No matter if you prefer to stand like the people or sit like the nobles did centuries ago, the Globe Theatre will enchant you. The performances are simply superb. How much time do these artists need to learn their lines, to move so soft? Book in advance if you want to be certain you’ll get a place.

On stage, the usual: Laughs, cries, blood, wine and human nature. Actors screaming from above, ships moving at your side, the magic of theatre is everywhere. And if Shakespeare did his part writing these wonderful plays—and here we are ignoring all the debate about his writing—the staff would do its best to protect you from the rain, to have your food and drink ready for the intermission (preorder is amazing) and to welcome you with a smile. Sound good? Well, then be sure to visit in the summer. No winter performances. Tickets are from £5 to £39.

1 New Globe Walk, London SE1 9DT

Related: Shakespeare in London – In the Yard at Globe Theatre

The Clink

10. The Clink

For those into the darker side of history, a visit to London’s Clink Prison Museum is a good place to start. One of England’s oldest prisons, it was the site of countless tortures since it’s operation in the 12th century. The prison was so notorious in its heyday, that it’s now become part of our everyday vernacular to refer to prisons as “the clink.”
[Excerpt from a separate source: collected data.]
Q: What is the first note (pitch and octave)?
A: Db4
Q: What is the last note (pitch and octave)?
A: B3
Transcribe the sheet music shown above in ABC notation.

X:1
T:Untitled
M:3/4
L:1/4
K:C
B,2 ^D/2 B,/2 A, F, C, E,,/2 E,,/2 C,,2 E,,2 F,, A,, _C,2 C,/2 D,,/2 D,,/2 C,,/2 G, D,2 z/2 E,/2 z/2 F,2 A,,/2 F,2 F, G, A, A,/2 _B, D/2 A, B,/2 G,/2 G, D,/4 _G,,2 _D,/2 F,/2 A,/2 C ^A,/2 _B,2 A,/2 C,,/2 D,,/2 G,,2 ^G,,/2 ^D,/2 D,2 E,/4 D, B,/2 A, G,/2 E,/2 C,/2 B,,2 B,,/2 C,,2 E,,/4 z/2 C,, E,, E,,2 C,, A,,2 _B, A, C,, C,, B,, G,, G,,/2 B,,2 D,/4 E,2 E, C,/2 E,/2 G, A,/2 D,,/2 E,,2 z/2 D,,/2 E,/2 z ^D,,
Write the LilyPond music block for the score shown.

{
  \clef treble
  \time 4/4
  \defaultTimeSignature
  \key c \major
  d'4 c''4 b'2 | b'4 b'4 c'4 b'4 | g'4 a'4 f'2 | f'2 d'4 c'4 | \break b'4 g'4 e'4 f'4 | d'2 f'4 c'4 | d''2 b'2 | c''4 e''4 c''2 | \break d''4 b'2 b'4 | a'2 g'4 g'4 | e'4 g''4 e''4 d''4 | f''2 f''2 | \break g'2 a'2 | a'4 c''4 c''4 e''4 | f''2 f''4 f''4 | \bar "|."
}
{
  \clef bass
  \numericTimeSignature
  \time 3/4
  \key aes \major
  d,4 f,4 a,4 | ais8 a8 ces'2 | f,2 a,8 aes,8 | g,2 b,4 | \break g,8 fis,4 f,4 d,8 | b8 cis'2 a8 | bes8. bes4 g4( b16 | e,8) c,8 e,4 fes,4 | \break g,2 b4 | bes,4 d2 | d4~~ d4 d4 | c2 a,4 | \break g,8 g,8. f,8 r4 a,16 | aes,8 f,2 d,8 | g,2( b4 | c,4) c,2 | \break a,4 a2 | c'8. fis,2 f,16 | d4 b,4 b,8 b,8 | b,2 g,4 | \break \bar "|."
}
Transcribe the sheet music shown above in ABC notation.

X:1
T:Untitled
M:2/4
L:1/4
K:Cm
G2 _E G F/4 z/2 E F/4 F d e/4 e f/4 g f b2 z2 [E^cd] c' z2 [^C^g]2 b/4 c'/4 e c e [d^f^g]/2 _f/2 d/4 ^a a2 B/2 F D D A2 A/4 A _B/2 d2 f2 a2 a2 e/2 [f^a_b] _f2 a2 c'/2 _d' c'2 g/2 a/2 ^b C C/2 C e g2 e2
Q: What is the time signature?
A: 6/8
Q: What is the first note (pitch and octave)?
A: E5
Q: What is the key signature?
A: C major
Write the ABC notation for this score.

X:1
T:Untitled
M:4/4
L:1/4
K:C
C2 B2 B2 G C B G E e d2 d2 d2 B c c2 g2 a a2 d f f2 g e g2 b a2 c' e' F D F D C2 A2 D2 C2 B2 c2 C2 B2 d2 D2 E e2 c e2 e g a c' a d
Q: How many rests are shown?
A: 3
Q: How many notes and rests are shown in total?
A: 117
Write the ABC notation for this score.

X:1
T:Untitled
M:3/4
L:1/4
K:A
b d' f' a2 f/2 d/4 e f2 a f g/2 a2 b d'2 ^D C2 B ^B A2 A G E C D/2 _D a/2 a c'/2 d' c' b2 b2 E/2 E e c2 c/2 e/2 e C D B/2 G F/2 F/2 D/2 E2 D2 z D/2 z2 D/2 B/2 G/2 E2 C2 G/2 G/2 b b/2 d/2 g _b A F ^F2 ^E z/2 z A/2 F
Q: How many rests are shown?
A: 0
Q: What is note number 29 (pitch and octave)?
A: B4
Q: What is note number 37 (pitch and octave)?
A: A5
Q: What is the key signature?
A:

Visits to the museum are relatively affordable (£7.50 adults; £5.50 students). Inside you’ll find torture equipment and educational guides about former prisoners and what it was like inside the prison.

1 Clink St  London SE1 9DG

  1. Patti says:

    This is good information to tuck away for a future visit to London!

    • Adam says:

      Glad to hear that Patti. London is such a great city and there are hundreds of things to do, but thankfully on my last visit these things were all nearby so it made the decision-making easy!

  2. Mackayla says:

    This was great information on places to see in Central London. I love hearing about peoples trips and vacations. By reading posts about traveling I learn a lot about the different cultures, and about what I need to see when I do get the chance to visit. So I love when I find blogs like this one!

  3. Rebecca says:

    great picks for places – sadly there is just too much to cover in London in a few days

    • Adam says:

      You’re definitely right about that Rebecca. London is so sprawling and there are so many things to see, it would take me a lifetime to discover it all! Hopefully this is a good enough introduction to the major tourist sites though.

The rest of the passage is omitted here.